What is FTP, and why is it considered a security relic in 2026?
FTP (File Transfer Protocol, RFC 959, 1985) transfers files between hosts. It's insecure because credentials and data travel in plaintext — modern systems use SFTP, FTPS, or HTTPS instead.
The basic flow:
ftp ftp.example.com
> Username: anonymous
> Password: anything@somewhere.com
> ls
> get file.txt
> quit
Why FTP is dangerous:
| Issue | Consequence |
|---|---|
| Plaintext credentials | Anyone sniffing the network sees username/password |
| Plaintext data | File contents visible to eavesdroppers |
| Two ports | Complicates firewalling — port 21 (control) + port 20 (active data) |
| NAT issues | Active mode breaks behind NAT — IPs in protocol payload don't match |
| No integrity | Attacker can modify files in transit |
Anonymous FTP:
A historical convention: anonymous user with any email as password.

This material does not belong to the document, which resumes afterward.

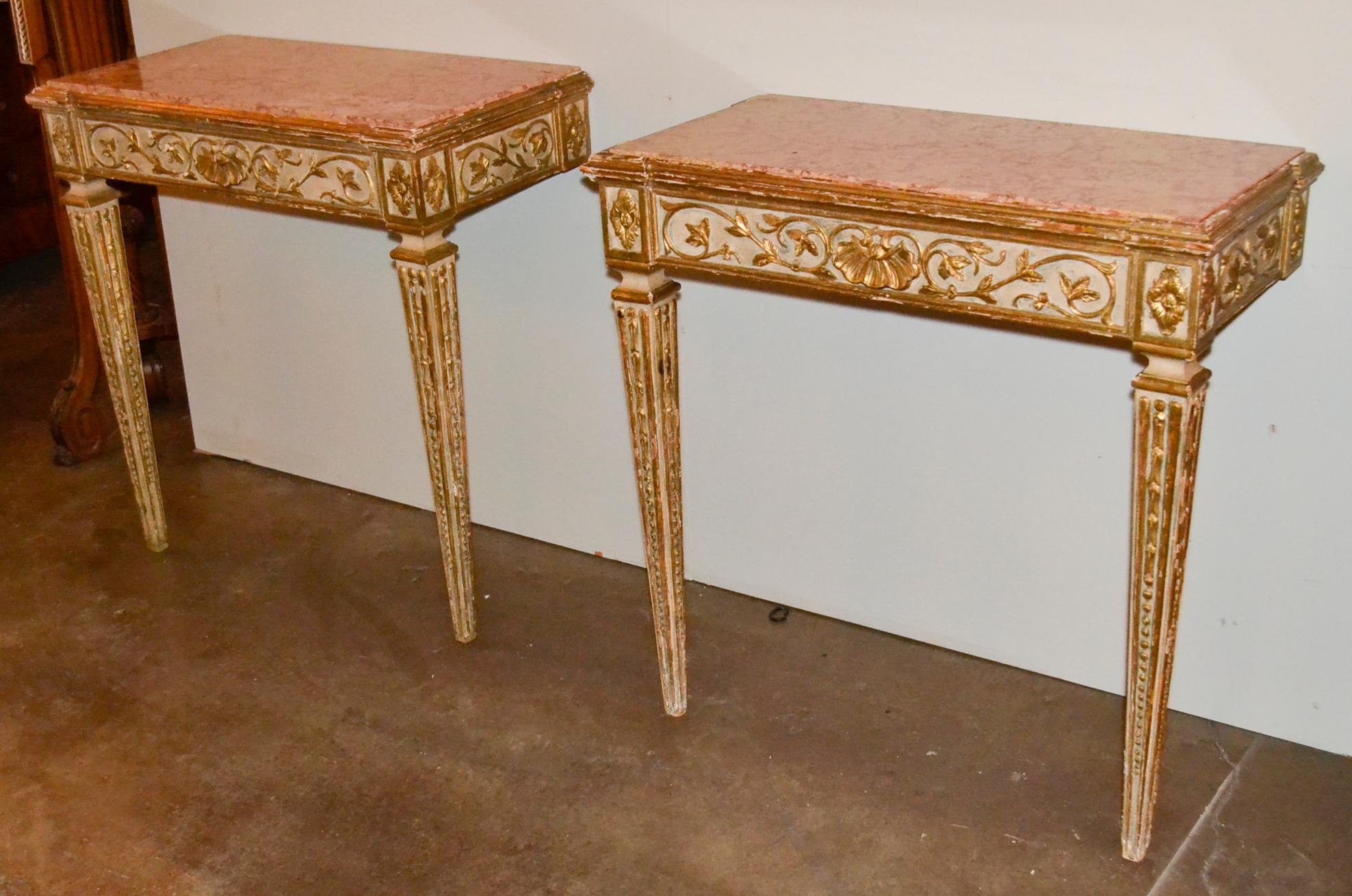 Carved 19th Century French Neoclassical Consoles
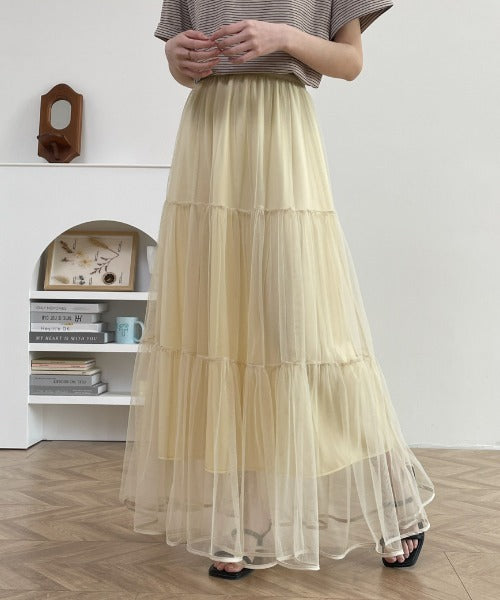 パイピングボリュームチュールティアードロングスカート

Used for public file repositories (e.g., Linux mirrors, software distributions). Still common but increasingly replaced by HTTPS download links.

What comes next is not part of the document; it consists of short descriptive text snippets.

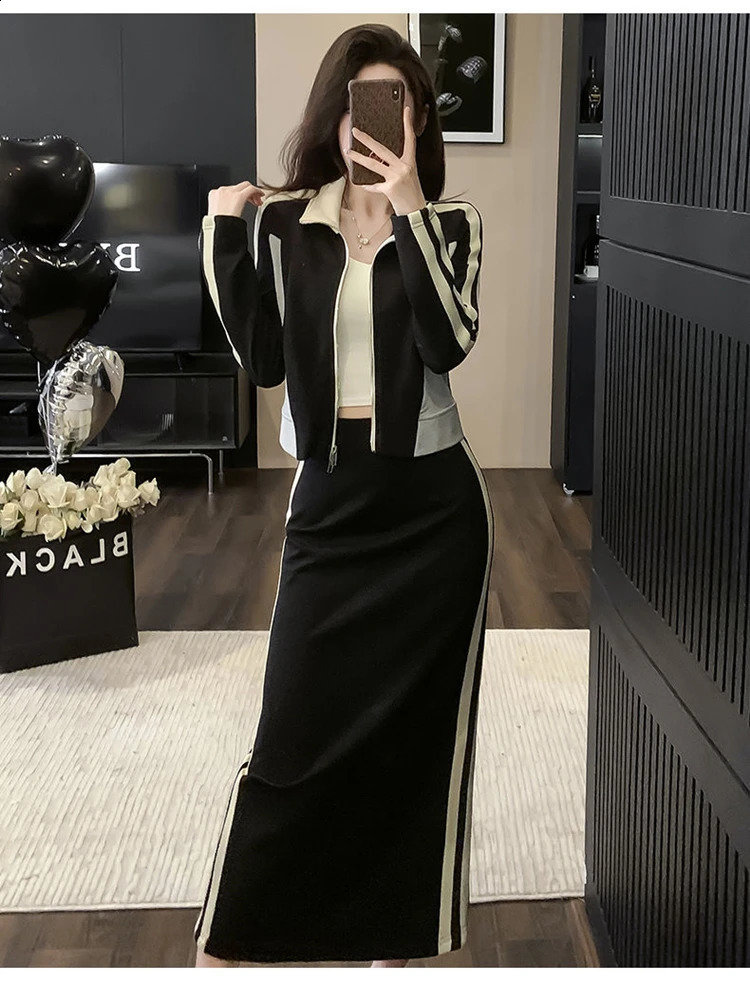 Womens Spring Autumn Sporty Coat Skirts Two Piece Set Casual Zipper Patchwork Jackets Skirt Outfits Run Clothing Sets 240724
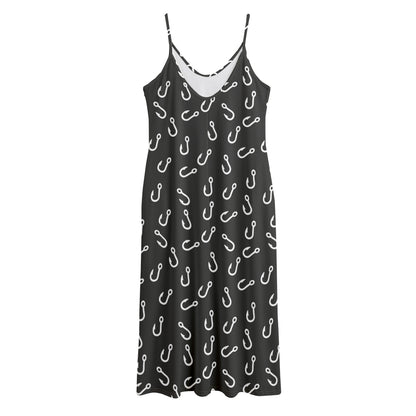 Fishing Hooks Pattern Print Jersey Midi Cami Dress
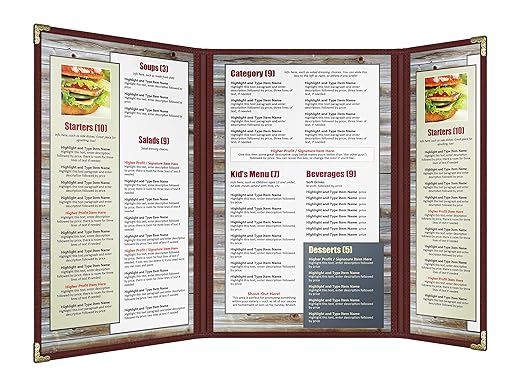 Goodsmart Restaurant Menu Covers – 25 Pack Burgundy 6 Views Trifold, - Image 2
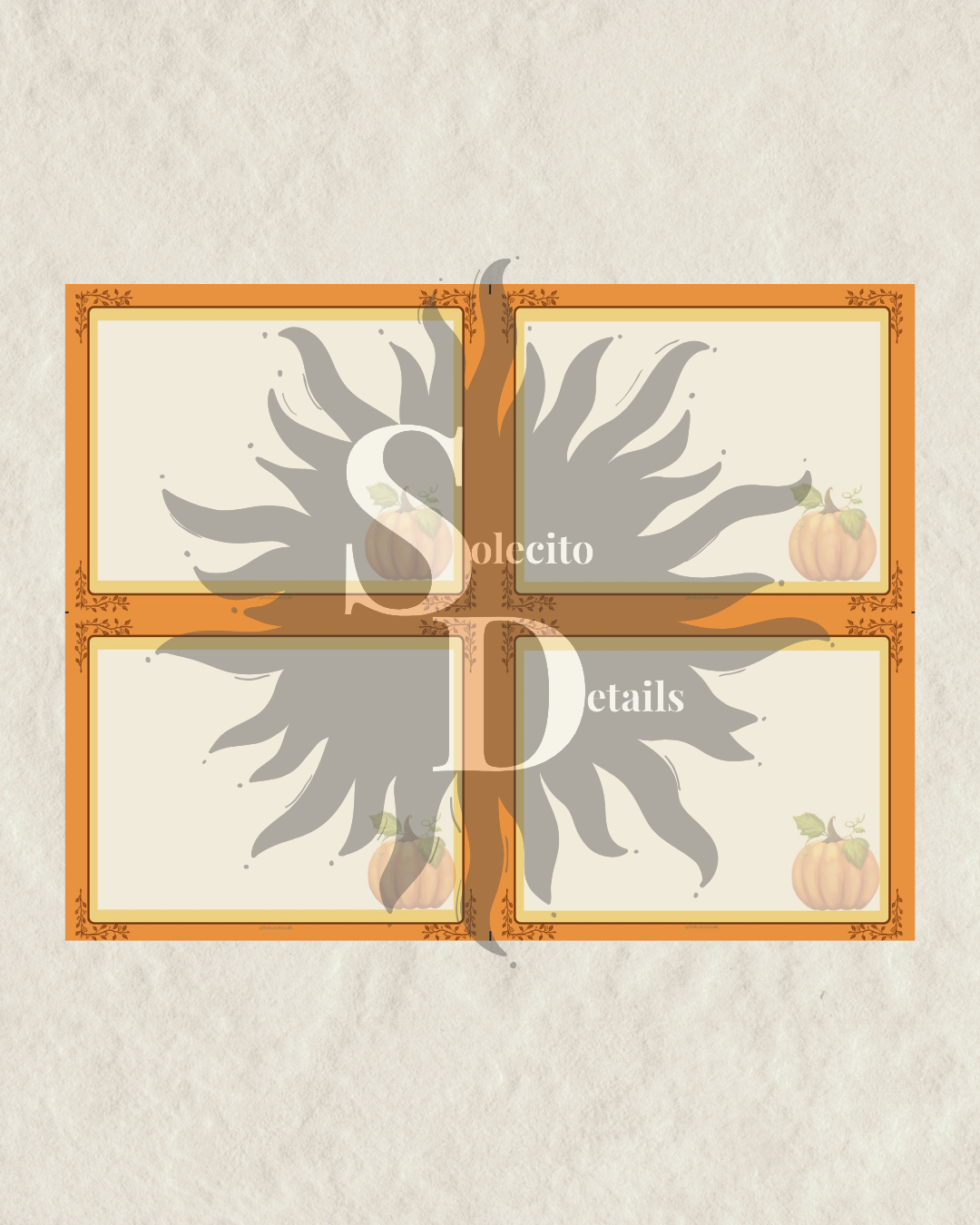 Pumpkin printable PDF note cards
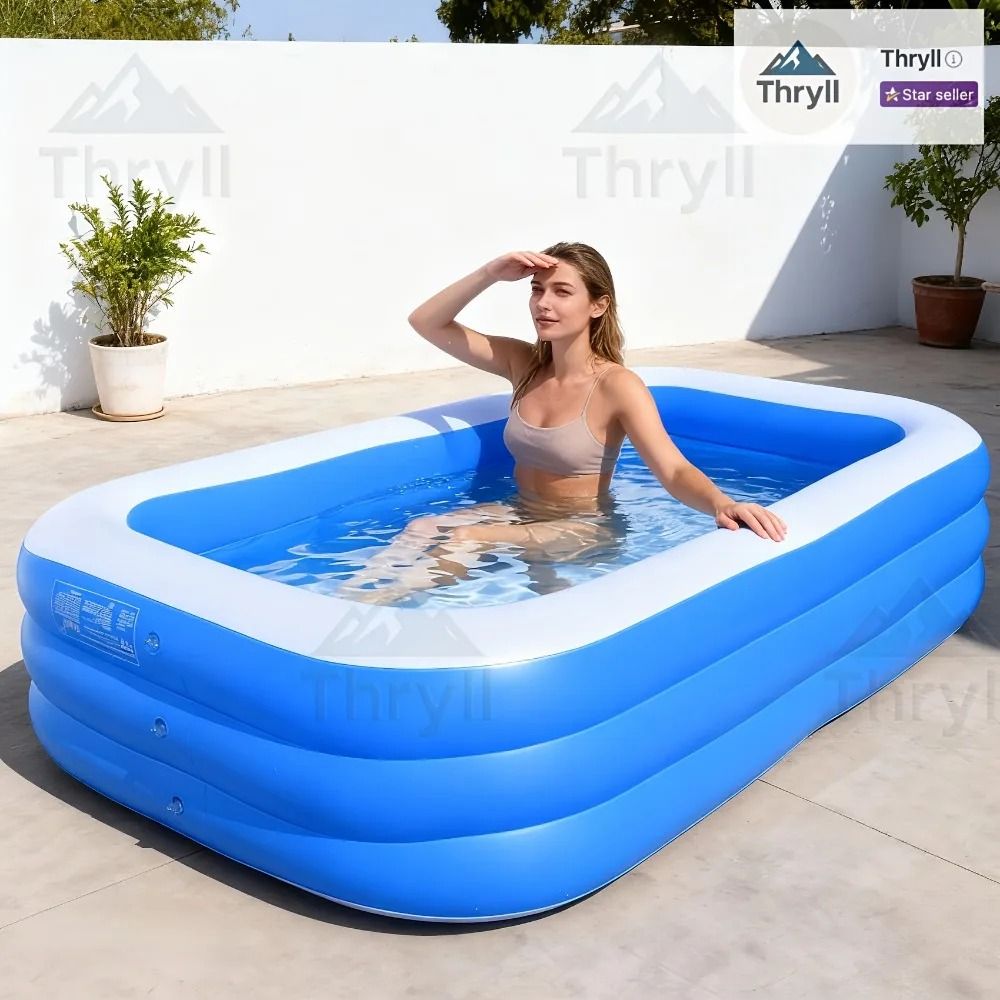 Spacious Rectangular Inflatable Swimming Pool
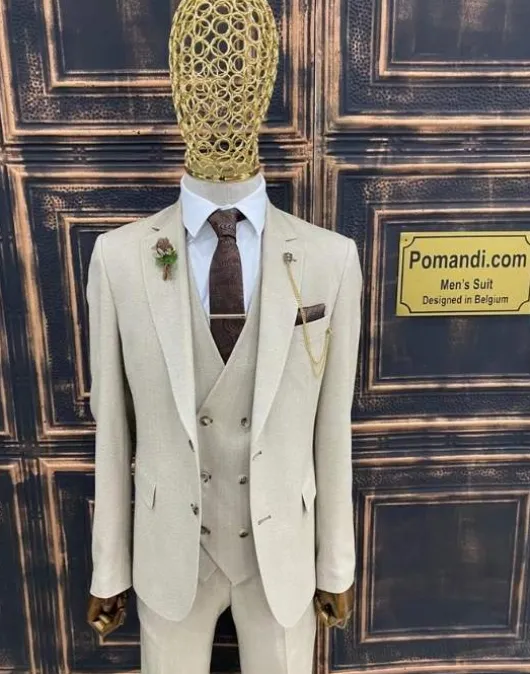 Beige trouwpak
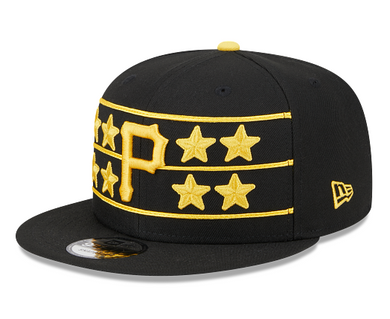Black cap with yellow stars and logo on a black background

Common FTP response codes:
| Code | Meaning |
|---|---|
| 200 | Command OK |
| 220 | Service ready (banner) |
| 331 | Username OK, password needed |
| 230 | Login successful |
| 425 | Can't open data connection |
| 530 | Login incorrect |
Modern replacements:
| Replacement | What it adds |
|---|---|
| SFTP | SSH-based, single port (22), encrypted, fully replaces FTP |
| FTPS | FTP + TLS — adds encryption, still uses two ports |
| HTTPS download | Simpler, browser-friendly, encrypted |
| rsync over SSH | Efficient incremental sync |
Why FTP is still worth understanding:
Pedagogically clear — the protocol is plain text, you can literally read commands and responses in Wireshark. Excellent for understanding how application protocols are structured.
Tip: If you encounter a real FTP server in 2026, treat it as a legacy critical issue. Either upgrade to SFTP/FTPS or wrap it in a VPN. Never use plain FTP across the internet.